Really classic problems
-
Perfect Matchings in O(n log n) Time in Regular Bipartite Graphs
- Summary: Title says it all. Uses randomization to beat the lower bound for deterministic algorithms.
-
A Permanent Approach to the Traveling Salesman Problem
- Summary: We continue to chip away at general TSP by showing that approximation is easy on (regular) graph-TSP instances with high degree.
-
A Back-to-Basics Empirical Study of Priority Queues
- Summary: Advice on how to design one's practical heap algorithm.

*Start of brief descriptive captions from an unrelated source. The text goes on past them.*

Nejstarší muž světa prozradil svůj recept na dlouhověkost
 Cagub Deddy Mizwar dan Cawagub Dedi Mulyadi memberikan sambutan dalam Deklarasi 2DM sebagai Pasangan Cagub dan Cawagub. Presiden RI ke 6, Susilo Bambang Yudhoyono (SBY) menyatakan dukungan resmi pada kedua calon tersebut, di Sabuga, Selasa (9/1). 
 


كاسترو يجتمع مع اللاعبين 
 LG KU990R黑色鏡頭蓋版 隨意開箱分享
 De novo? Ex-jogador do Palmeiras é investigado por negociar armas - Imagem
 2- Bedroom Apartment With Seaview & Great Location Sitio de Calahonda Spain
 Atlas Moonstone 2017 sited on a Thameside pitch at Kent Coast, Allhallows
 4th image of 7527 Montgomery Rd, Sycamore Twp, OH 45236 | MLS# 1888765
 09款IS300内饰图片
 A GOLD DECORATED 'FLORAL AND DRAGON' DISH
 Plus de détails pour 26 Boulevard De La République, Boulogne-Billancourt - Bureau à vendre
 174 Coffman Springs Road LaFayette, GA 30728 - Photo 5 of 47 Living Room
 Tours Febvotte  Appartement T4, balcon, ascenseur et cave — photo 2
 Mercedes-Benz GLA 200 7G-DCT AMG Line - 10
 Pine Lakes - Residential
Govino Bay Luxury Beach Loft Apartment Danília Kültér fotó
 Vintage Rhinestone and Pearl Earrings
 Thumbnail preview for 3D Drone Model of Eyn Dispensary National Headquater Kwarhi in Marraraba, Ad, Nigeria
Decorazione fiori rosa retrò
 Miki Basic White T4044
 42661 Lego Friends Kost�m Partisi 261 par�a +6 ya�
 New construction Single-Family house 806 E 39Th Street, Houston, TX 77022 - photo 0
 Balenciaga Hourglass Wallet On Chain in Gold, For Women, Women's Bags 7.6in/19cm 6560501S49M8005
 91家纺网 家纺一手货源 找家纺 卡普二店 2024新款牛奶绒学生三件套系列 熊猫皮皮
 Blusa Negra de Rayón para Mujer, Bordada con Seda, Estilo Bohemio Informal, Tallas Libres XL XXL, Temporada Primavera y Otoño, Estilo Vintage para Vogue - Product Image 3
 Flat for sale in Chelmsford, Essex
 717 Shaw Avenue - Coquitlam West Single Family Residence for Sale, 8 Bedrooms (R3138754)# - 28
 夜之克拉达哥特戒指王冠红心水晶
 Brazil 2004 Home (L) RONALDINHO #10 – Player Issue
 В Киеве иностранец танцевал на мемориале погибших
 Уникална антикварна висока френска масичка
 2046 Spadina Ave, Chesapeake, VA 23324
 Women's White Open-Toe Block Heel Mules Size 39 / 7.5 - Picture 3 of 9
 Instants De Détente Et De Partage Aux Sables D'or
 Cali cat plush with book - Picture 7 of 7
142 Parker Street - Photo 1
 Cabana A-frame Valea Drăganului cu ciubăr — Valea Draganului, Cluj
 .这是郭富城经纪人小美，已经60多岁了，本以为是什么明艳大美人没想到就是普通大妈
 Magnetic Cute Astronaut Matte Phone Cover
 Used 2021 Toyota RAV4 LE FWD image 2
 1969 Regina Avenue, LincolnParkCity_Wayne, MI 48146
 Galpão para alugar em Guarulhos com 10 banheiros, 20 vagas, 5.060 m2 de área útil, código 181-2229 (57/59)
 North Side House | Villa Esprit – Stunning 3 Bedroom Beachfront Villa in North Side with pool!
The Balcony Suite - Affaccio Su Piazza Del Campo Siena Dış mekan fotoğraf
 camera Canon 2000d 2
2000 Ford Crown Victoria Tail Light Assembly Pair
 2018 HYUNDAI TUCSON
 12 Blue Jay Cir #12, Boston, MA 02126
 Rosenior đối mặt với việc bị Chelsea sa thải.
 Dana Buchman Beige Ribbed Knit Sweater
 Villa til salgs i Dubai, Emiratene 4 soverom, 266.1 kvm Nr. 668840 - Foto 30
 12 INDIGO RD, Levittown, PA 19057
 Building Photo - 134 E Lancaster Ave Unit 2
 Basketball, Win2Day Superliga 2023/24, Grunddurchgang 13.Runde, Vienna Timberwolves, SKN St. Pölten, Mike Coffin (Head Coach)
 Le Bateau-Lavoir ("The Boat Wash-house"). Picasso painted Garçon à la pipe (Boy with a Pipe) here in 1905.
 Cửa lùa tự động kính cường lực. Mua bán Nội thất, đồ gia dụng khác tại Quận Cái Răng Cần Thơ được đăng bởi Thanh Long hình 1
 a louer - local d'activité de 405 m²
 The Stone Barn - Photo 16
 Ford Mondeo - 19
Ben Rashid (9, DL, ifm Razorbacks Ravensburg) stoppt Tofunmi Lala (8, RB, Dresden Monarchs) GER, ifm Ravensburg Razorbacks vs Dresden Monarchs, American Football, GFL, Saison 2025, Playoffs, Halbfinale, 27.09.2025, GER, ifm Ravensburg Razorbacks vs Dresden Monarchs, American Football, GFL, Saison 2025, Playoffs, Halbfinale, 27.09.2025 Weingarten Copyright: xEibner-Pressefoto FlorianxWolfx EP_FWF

We show that wallclock time is highly correlated with the number of L1 cache misses, and that high-level design decisions can have a significant impact on cache behavior.
-
Online Steiner Tree with Deletions
- Summary: We use a primal-dual framework and a global charging argument to maintain a constant-competitive Steiner tree as nodes are removed from a set. We also give an algorithm for the fully dynamic model, where nodes are both added and removed.
-
Linear Probing with Constant Independence
- Summary: Linear probing using a pairwise independent hash family can have logarithmic cost per operation (this is over worst-case data). However, we show that 5-wise independence is enough to ensure O(1) cost per operation.
-
Adaptive Search over Sorted Sets
- Summary: Binary search over a sorted list of arbitrary data takes O(log n) time, but if our data is uniform we can do better. Unfortunately, algorithms such as interpolation search which take advantage of the data being uniform can take Θ(n) time if the data ends up not actually being uniform. We give a search algorithm that is at most an additive constant slower than interpolation search, but which still has worst case O(log n) running time.
Machine learning
New models
-
Team Performance with Test Scores
- Summary: A group with diversity can often outperform a group of high-achieving but like-minded individuals. We model the problem of selecting and measuring the performance of a potential team, when one is only able to administer individual tests.
-
Time-Inconsistent Planning: A Computational Problem in Behavioral Economics
- Summary: People often behave inconsistently across time, such as by procrastinating, abandoning half-completed projects, or working more efficiently on projects when they have a deadline. We propose a model of tasks, goals, and dependencies between tasks which unifies these behaviors, and which suggests ways in which tasks can be designed to improve the chance that a goal is reached.
-
Wherefore Art Thou R3579X? Anonymized Social Networks, Hidden Patterns, and Structural Steganography
- Summary: This paper describes active and passive attacks to de-anonymize an anonymously presented social network. In the active attack the attacker needs to make only O(sqrt(log n)) fake accounts to compromise the privacy of any targeted node, and in the passive attack a small coalition of friends figures out their anonymized ids, from which they can deanonymize other friends not in the coalition.
-
Computational Complexity and Information Asymmetry in Financial Products
- Summary: A commonly cited benefit of financial derivatives is that they protect buyers from dishonest sellers, and hence lower the cost dishonest sellers impose on the market. We show that a commonly used derivative can be tampered with such that (under cryptographic assumptions) a buyer cannot distinguish between the tampered and untampered versions.